William Ding was a construction worker specializing in skyscrapers, and an aspiring writer. He had 3 passions in life: constructing floors ('building' stories), writing tales (building 'stories'), and knowing about constructions with many floors ('building stories') - I think this phrase qualifies for a triple pun. Let's tackle his passions one by one:

'Building' Stories
Construction is boring and involves some 'boring' too for a strong foundation and possibly water supply. Not much else to talk about here, so moving on ....

'Building Stories'

There's an obsession with building the tallest building (somehow the largest and longest are not at front of the recall queue, but tallest is) and getting a place in the Guinness Book of Records, from the Empire State to Sears Tower to Petronas Towers and now the Burj Khalifa, an immobile monster with 160 floors. There have been attempts to fudge the numbers in order to break an existing record by adding antennas and then adding their height to the total building height, but I am sure it's all with good intent. The key question is, do any of these buildings scrape the sky, as the name suggests? A skyscraper should look like this:



Building 'Stories'
Building stories is tough. My expectation as a science fiction enthusiast is for a story to have the following: a strong visual narrative supplemented by identifiable and relatable context regardless of how futuristic the premise is, a controlled unfolding of events which keeps the unsuspecting reader involved but not privy to plot-points prematurely, and a growing sense of awe and wonder which culminates in surprise or fulfilled expectation but with closure nonetheless. The story is in the telling, and the tell has to be given away at the right moment. As a reader I don't want to be led to and pushed off a cliff without some warning or at least a parachute, nor do I want to be led to more flat ground when there is promise of a cliff. A tall order all of this, but 3 writers come very close in different ways: Isaac Asimov, Arthur C Clarke, and Robert Silverberg. Details to be covered in a separate post.

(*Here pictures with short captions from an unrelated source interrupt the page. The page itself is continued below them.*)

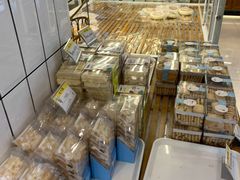 面包甜点陈列柜-老大昌(淮海中路店)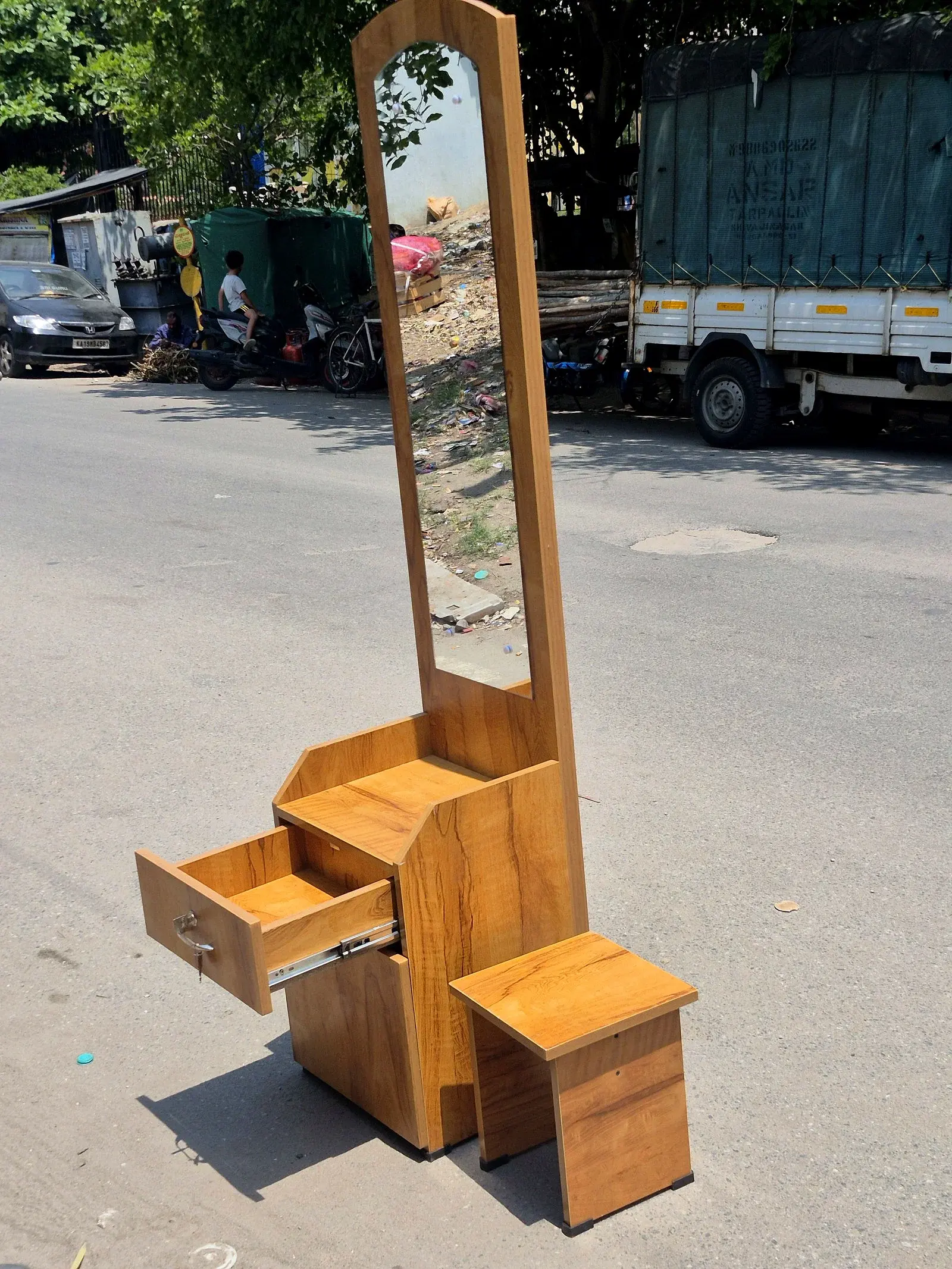 Evershine Dressing Table with Stool thumbnail 3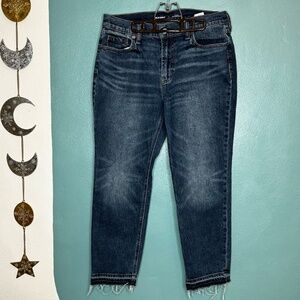 Old Navy Mid Rise Boyfriend Jeans Size 6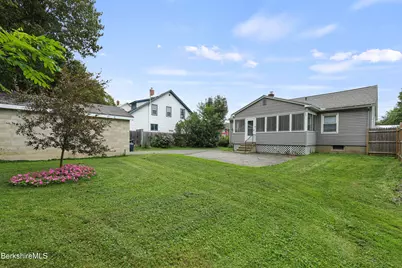 582 W Housatonic St, Pittsfield, MA 01201 - Photo 36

As you can see, Bill Ding did not get to build much story-wise in this post (but he did write a book later, called 'Bill Ding Stories: Building stories, building stories, and building stories'. That's because writing posts is much easier than building stories. There are verse things too, which I have tried with meandering results and don't plan to return to in a while.

Note - The British word for floor is storey (with an 'e') and the plural is storeys (these show up as bad spellings in the American spell-check). 'Storey' was not going to work for my story, oops, post, and was therefore conveniently ignored.